Lucky charms of Valley's floating market are back
The floating vegetable market of the Dal has over the decades become a major attraction for tourists.
Srinagar: Dal Lake, Srinagar’s pristine glory, is familiar to the world as being the lake of placid and jade-hued waters fringed with willows and majestic chinar trees and marooned amidst lotus fields and floating gardens against the backdrop of magnificent mountains. The kaleidoscope of colour - with its beautiful houseboats which offer a lifestyle of luxury and elegance and its shikaras, the Kashmiri gondolas or flat-bottomed boats - are the visitors’ limousines on water.
The lake is also famous for its floating gardens and “foating vegetable market”, the only one of its kind in India and only the second in the world, the other being the rowing shops along the backwaters of the Mekong Delta in Vietnam.

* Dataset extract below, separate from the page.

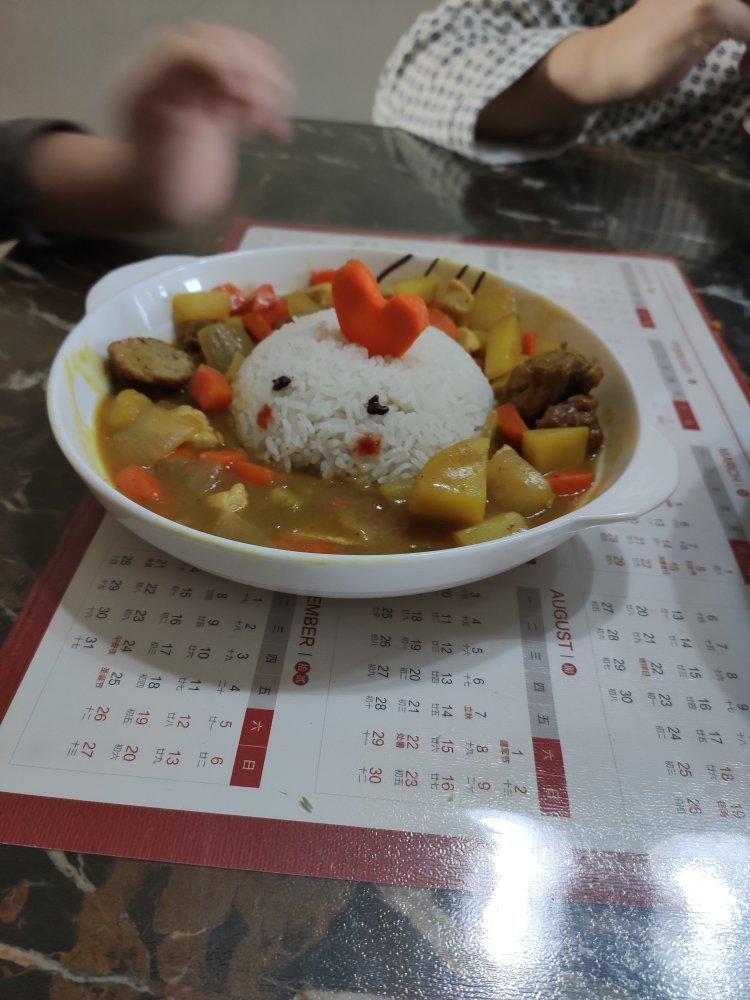 人见人爱花见花开🐤         三只小鸡日式咖喱饭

The floating vegetable market of the Dal has over the decades become a major attraction for tourists. It first attracted international attention in 1960, when a Japanese photographer featured it in a tourist guide that was published out of Japan, said tourism officials.
However, the devastating floods of September 2014, which caused significant damage in many areas of Jammu and Kashmir, stole the lucky charms of the floating market. It took farmers of the Dal almost two years to bring the floating vegetable market back on the rails.
“Unfortunately, seeds were damaged in the floods. With less and in some varieties no production our business suffered huge loss,” said Ghulam Nabi, a vegetable grower and seller.
Now, the floating vegetable market of the Dal Lake is, once again, flourishing. The annual turnover is estimated to be in the range of '45 to 50 crores.
The main attraction for the local customers is the fresh vegetables sold here on shikaras. Interestingly, the buyers also reach here on boats. One of them Bashir Ahmed said, “When compared with those grown elsewhere the vegetables of the Dal are truly scrumptious. They sell like hot cakes in local market.”
Consisting of dozens of small boats, the floating vegetable market is set up shortly before dawn- seven days a week.
Most of the vegetables are grown on the floating gardens of the lake spread over 1,250 acres of wetland and retrieved from these before being sold in just two hours. Any vegetables left over are taken to street markets.
Among the vegetables grown in floating gardens of the Dal Lake is lotus stem called ‘Nadur’ locally. Most of the vegetables grown on these floating gardens are organic produce, free from the use of chemical fertilizers.
The produce from Dal’s floating gardens not only meets the local requirement, the vegetables procured from the Lake during the peak harvesting season are supplied to other parts of Kashmir as well.